このため、従来より精神障害者退院促進支援事業、居住サポート事業等の地域生活支援事業等を実施してきたところであるが、今般、平成18年度補正予算(案)において、精神障害者のより一層の地域生活への移行を進める観点から、以下の事業を「障害者支援対策臨時特例交付金」の対象としたので、既存事業とあわせ積極的に活用し、精神障害者の地域生活移行支援の促進を図っていただきたい。
【精神障害者の地域生活移行支援に関連する主な事業】
- 精神障害者地域生活支援センター等の円滑な新体系への移行を図るため、経過的な措置として運営費を助成する「デイサービス事業等緊急移行支援事業」や、新たなサービスへの移行のためのコンサルタント派遣や移行推進研修会を開催する「移行等支援事業」
- 相談支援体制の一層の充実強化を図るための特別アドバイサーの派遣や、相談支援事業の立ち上げに必要な設備整備の支援等を行う「相談支援体制整備特別支援事業」
- 精神障害者退院促進支援事業の強化を図るための退院支援に関する専門家の養成及び市町村職員や地域住民を対象とした退院促進に関する理解促進のための基礎研修を行う「精神障害者退院促進強化事業」
各都道府県におかれては、精神障害者の地域生活移行支援について、都道府県事業としての積極的な事業展開を図るとともに、市町村事業に係る広域調整及び技術的支援等について、より一層ご配慮いただき、精神障害者の退院促進が図られるよう格段のご支援をお願いしたい。
(1)平成19年度予算(案)
平成19年度予算(案)における社会福祉施設等施設整備費補助金については、障害者が地域で自立した生活を送ることができるよう、障害者の地域移行や就労支援に必要な「生活介護」、「自立訓練」、「就労移行支援」等の日中活動の場等の整備に必要な予算額を計上したところである。
(2)平成19年度整備方針
平成19年度の障害者関連施設に関する補助協議の基本方針については、別途詳細をお示しする予定であるが、限られた財源を効率的かつ有効に活用する見地から、新規事業の協議に当たっては、原則として単年度事業であるものに限定し、障害福祉計画を踏まえた整備内容になっているか等、十分に各都道府県市において精査した上で、真に必要な整備について協議を受けることとしている。

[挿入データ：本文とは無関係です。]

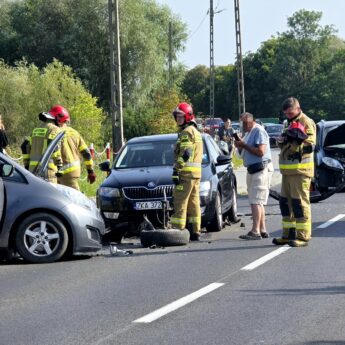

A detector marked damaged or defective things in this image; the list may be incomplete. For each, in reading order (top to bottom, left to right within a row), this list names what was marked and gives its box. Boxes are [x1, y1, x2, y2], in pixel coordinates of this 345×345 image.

detached wheel [204, 191, 223, 231]
detached wheel [15, 212, 68, 264]
detached wheel [140, 228, 189, 247]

なお、平成18年度補正予算(案)において計上された「障害者自立支援基盤整備事業」と重複しないようご留意願いたい。
(3)国庫補助基準単価について
平成19年度の補助基準単価については、公共工事コストの縮減や建設単価の動向等を総合的に勘案し、平成18年度の基準単価から△1.7%の改定を行うこととしているのでご了知願いたい。

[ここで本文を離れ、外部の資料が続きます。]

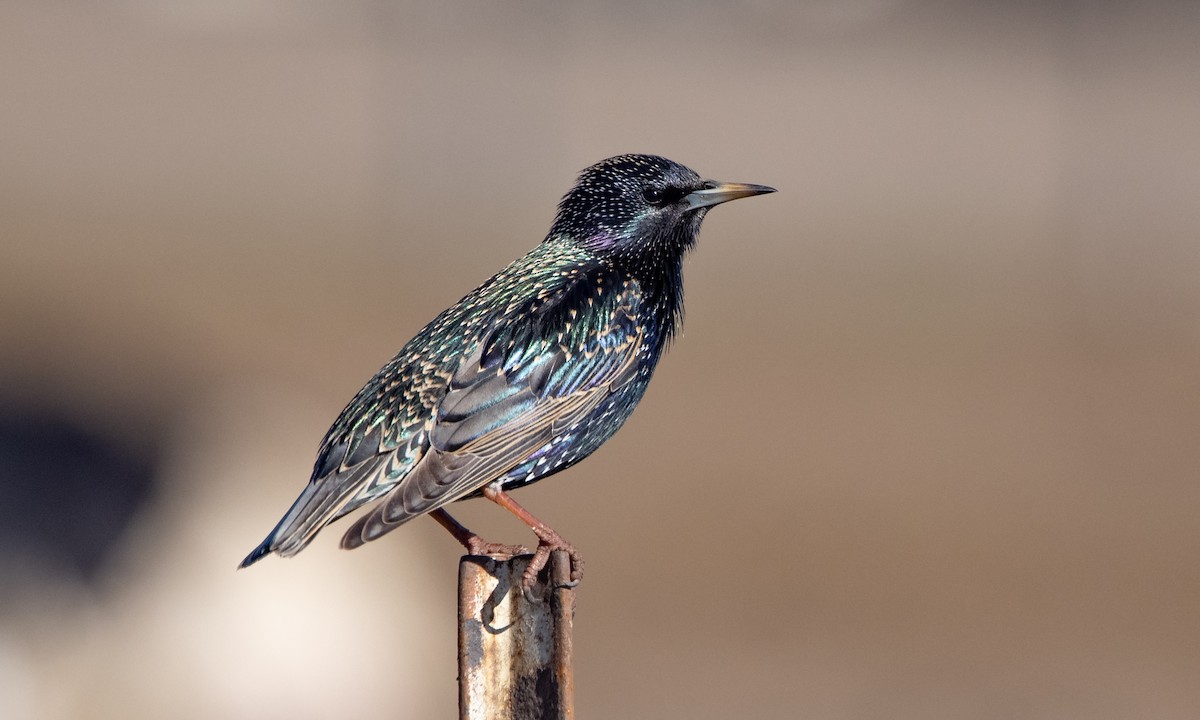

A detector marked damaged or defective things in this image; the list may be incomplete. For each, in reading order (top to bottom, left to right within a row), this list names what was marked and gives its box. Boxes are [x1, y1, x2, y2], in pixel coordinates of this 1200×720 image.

rusty metal post [458, 548, 576, 716]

3 障害者(児)福祉施設等における不祥事の発生防止及びその対応について
(1)指定居宅介護事業者等への指導監査の徹底等について
平成18年4月に障害者自立支援法が施行され、指定居宅介護事業者等(以下「事業者」という。)の数が増加している一方で、不正受給(支援費)による事業者の指定取消し処分等の報告を受けているところである。
このような状況を踏まえ、障害者自立支援法の円滑かつ適正な運営を図るため、法令等に基づく適正な事業実施の確保に向けた取組の充実強化が切に求められているところである。
ついては、貴都道府県におかれては、事業者に対するなお一層の適切な指導監査の実施に努められるとともに厳正な対応をお願いする。また、管内市町村に対しては、請求内容と実際のサービス利用に差異が無いことを十分審査するのはもちろんのこと、虚偽のサービス提供実績記録票が作成されるようなことが無いよう事業者(基準該当事業者を含む)を指導いただくとともに、支給決定者に対しても、制度の周知を図られるようお願いする。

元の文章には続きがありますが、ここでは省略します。